The Oilfield Trucking Industry Series – Part 3: New Ideas and Solutions
Contributing authors: Keith Richard, Vice President of Operations, Managed Transportation Services and Joe Looper, Manager, Carrier Relationships & Development
In parts one and two of this three part series, we discussed the challenges that the oil and gas industry is currently facing and what the landscape of the players in this industry look like. In this last part, we’ll address what all of this means for both the trucking companies and the oil and gas shippers.
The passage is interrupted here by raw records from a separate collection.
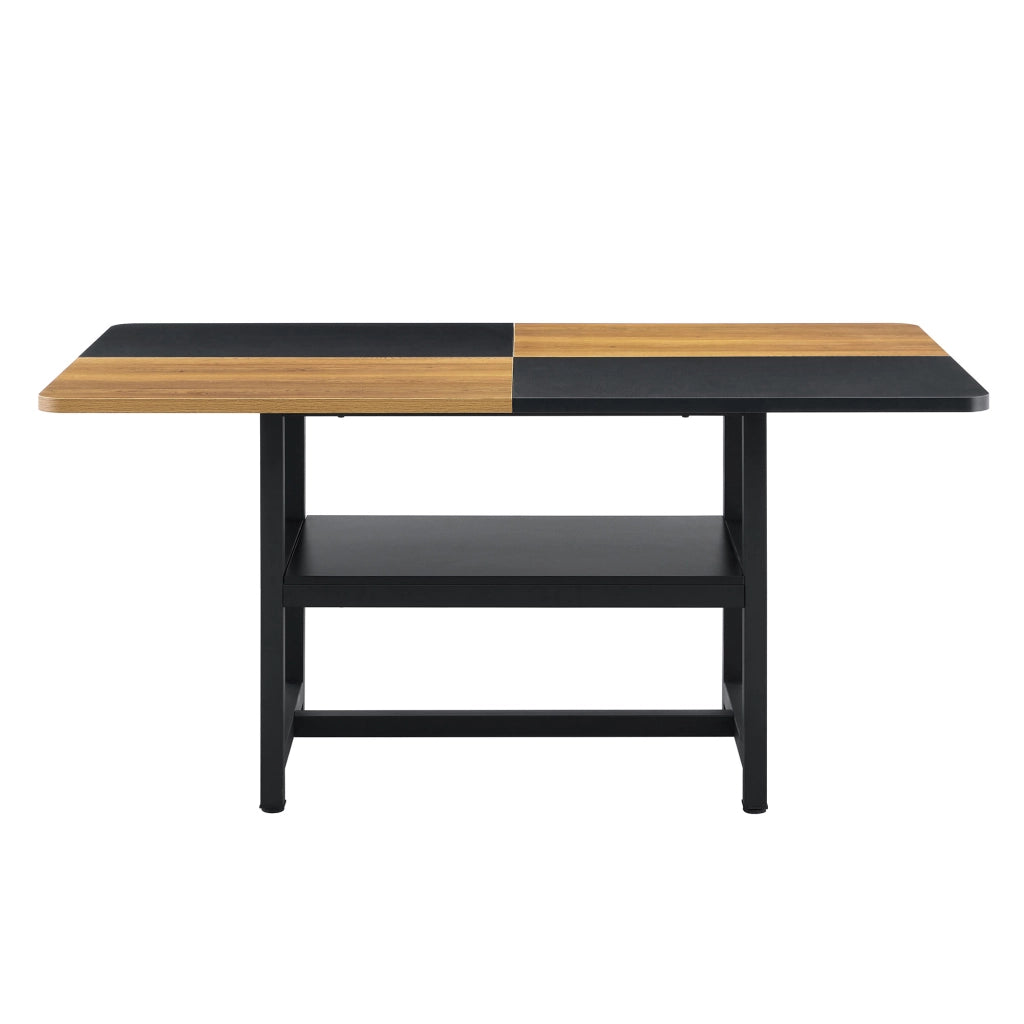 Tavolo da pranzo per 4-6 persone con ripiano integrato, struttura in MDF e metallo, nero e legno, 160 × 90 × 76 cm
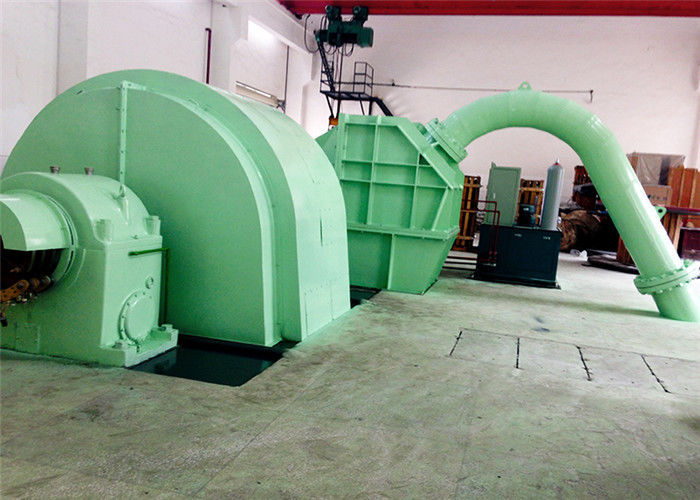 Micro Pelton Hydro Turbine Generator Green Color 90m-600m Warter Head
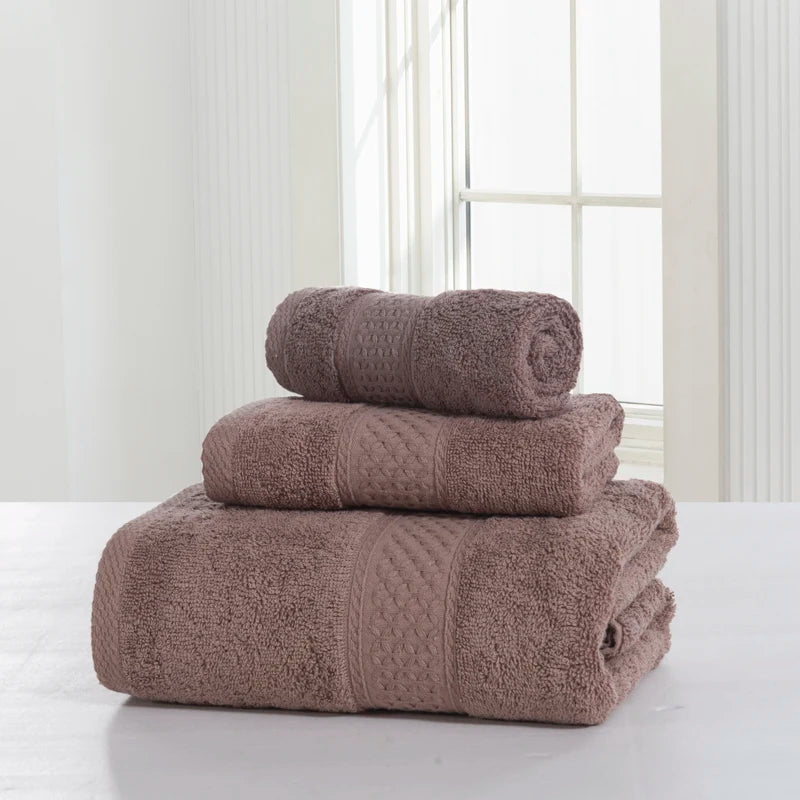 Towel Set 100%Cotton Terry Cloth Face+Bath+Hand Towels for Home Hotel Bath Room Adult Kids, 70*140cm Grey White Beach Towel
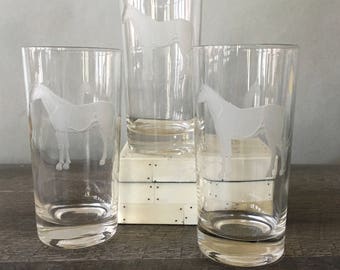 Vintage Horse Glasses, set of 3 | etched horse tumblers, equestrian glasses, horse glassware, iced tea glasses, equestrian barware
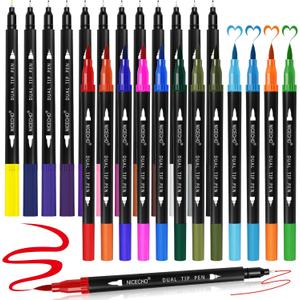 Nicecho 24 Colors Dual Tip Art Markers Pens for Adult Coloring Books, Brush and Fineliner Tip Art Suppliers for Journaling Note Taking Lettering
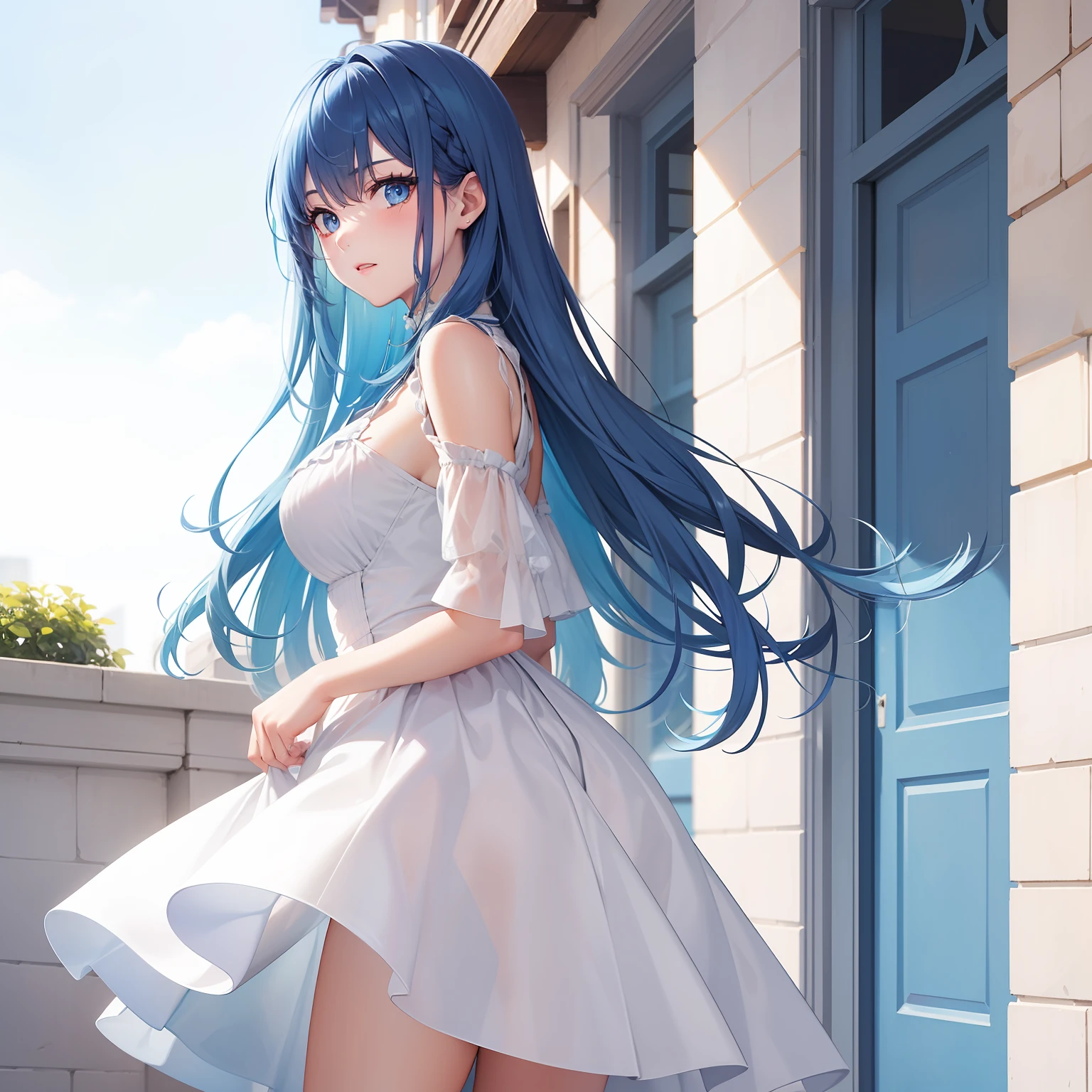 a women, blue hair, blue eyes, white dress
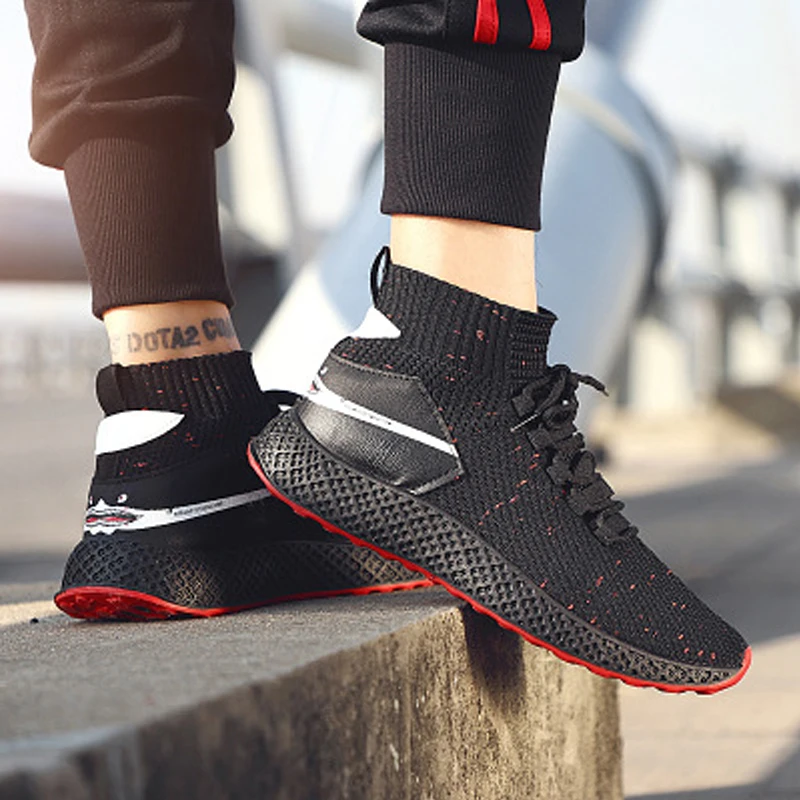 shoes 2018 Knit Men Sneakers Ankle guard Light Autumn Hip Hop High Sock Footwear Breathable Black Zapatillas Hombre Casual Shoes | Обувь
Industry Expansion Leads to Change
There has certainly been a boom during the last five years in oilfield trucking within the U.S. The strong who were a part of the expansion and serve niche industry requirements like oil country tubular goods (OCTG) and produced water will survive. It will be tough going for those who did not save and whose operating costs for special equipment, like pneumatic trailers, are high. Nevertheless, oilfield trucking has been, is, and will be for the coming decade a portion of the trucking industry that encourages investment risks and is 365 24/7.
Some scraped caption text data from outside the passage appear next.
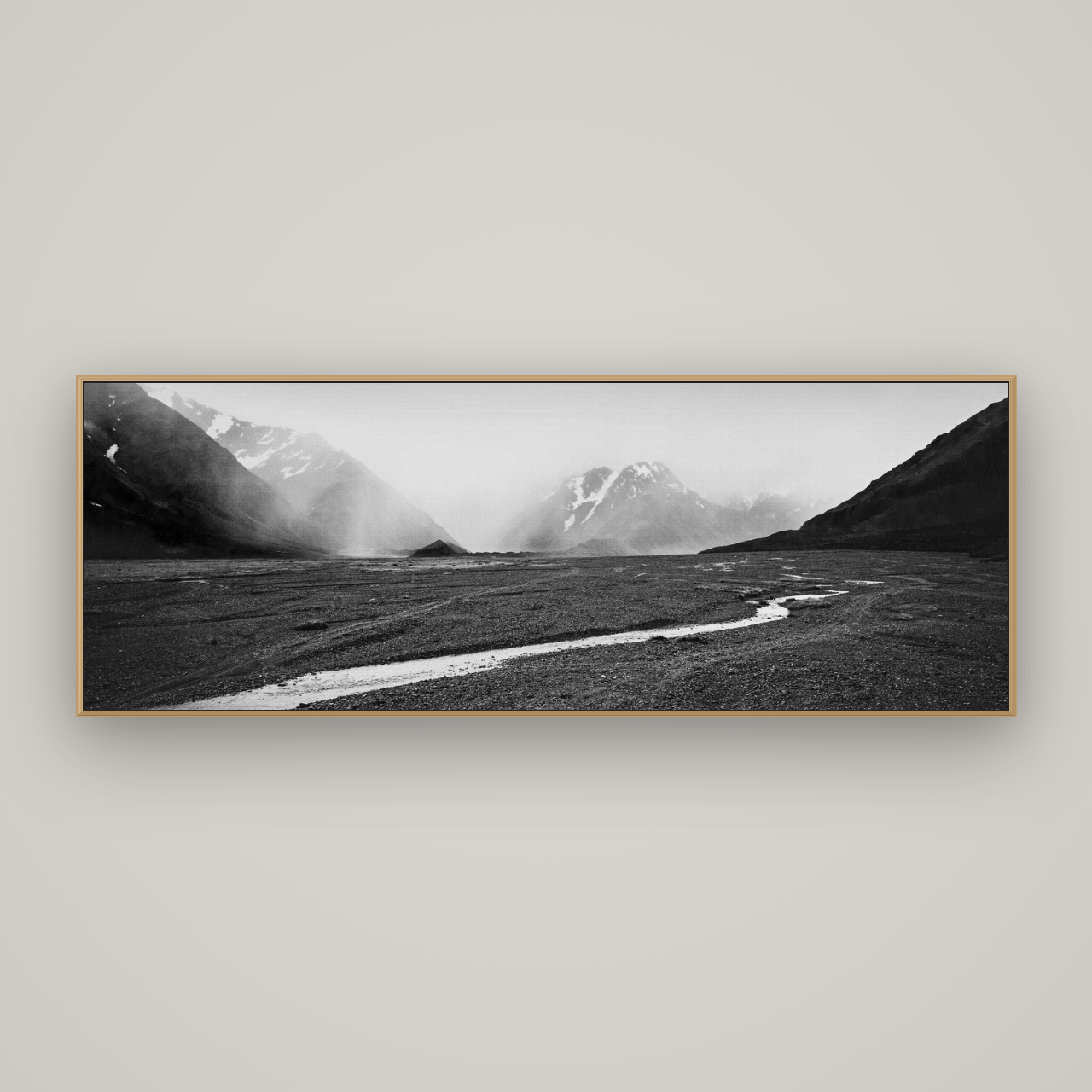 Godley's Storm, Mount Cook National Park, Basel Natural Oak, 198×70 cm. New Zealand fine art wall art by Stephen Milner.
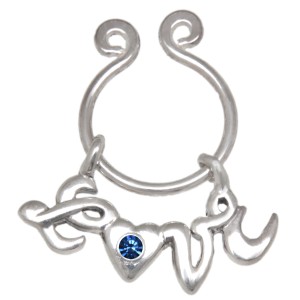 Beweglicher Clip für die Brustwarze - ohne Piercing -  aus 925 Sterling Silber, Schriftzug LOVE, sapphirblau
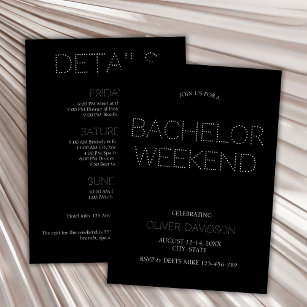 Stylish Black Lights Bachelor Weekend Itinerary Invitation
And mergers and acquisitions within the industry are real and will continue. Several major transactions have been announced over the past year. Scores of regionally based, mom and pop carriers have undoubtedly gone belly up in this same time frame. Unfortunately, as an industry we have no way to empirically track information on the smaller carriers as there is no industry-wide group that specifically organizes or lobbies for oilfield trucking.
Solutions for a Sustainable Industry Environment
The question is sustainability. Sustainability for the oilfield trucking industry in coming years and up until the next boom will in part be measured by improved efficiencies in operating costs and its ability to plan for what the oil companies needs are in specific modes and geographies. So how can the industry create a sustainable model through the peaks and valleys?
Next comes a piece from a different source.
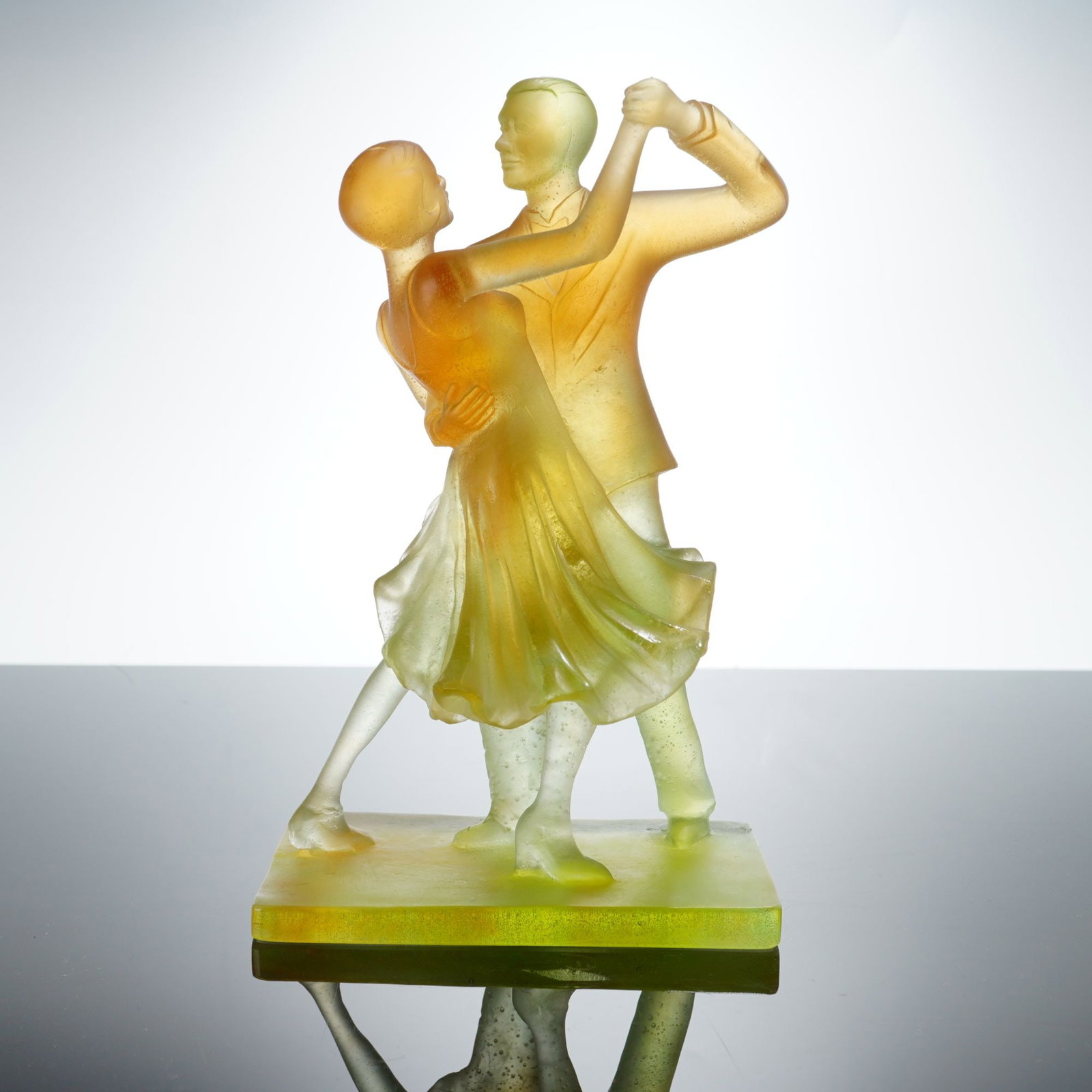 Daum France Art Glass Amber Figurine, Dancing Couple (1 of 4)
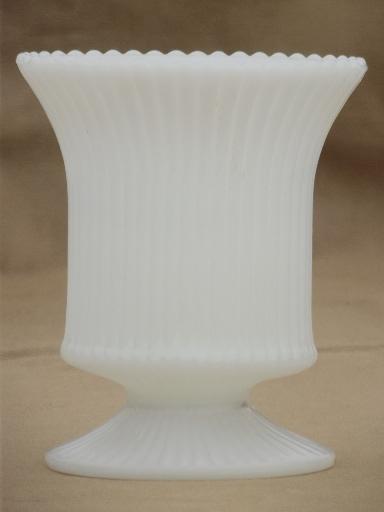 photo of vintage milk glass vases lot, 12 classical urns & fluted shape planters #9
Part of the solution is using proven supply chain processes that include technology, data and analytics, experienced oil and gas supply chain operations staff, and industry leading technology. And implementing and executing a supply chain operating model that will assist the oil and gas industry with a path toward sustainability is the way forward that will allow the giants and the mom and pops to ensure compliance to safety, and economic requirements, while further integrating all to a common goal of better operating and safety standards.
An efficient supply chain network is of the elements that can support a sustainable model by working with leaders and the trucking companies that have supported the industry for many years.
Can you think of other possible solutions for a sustainable oil and gas industry environment?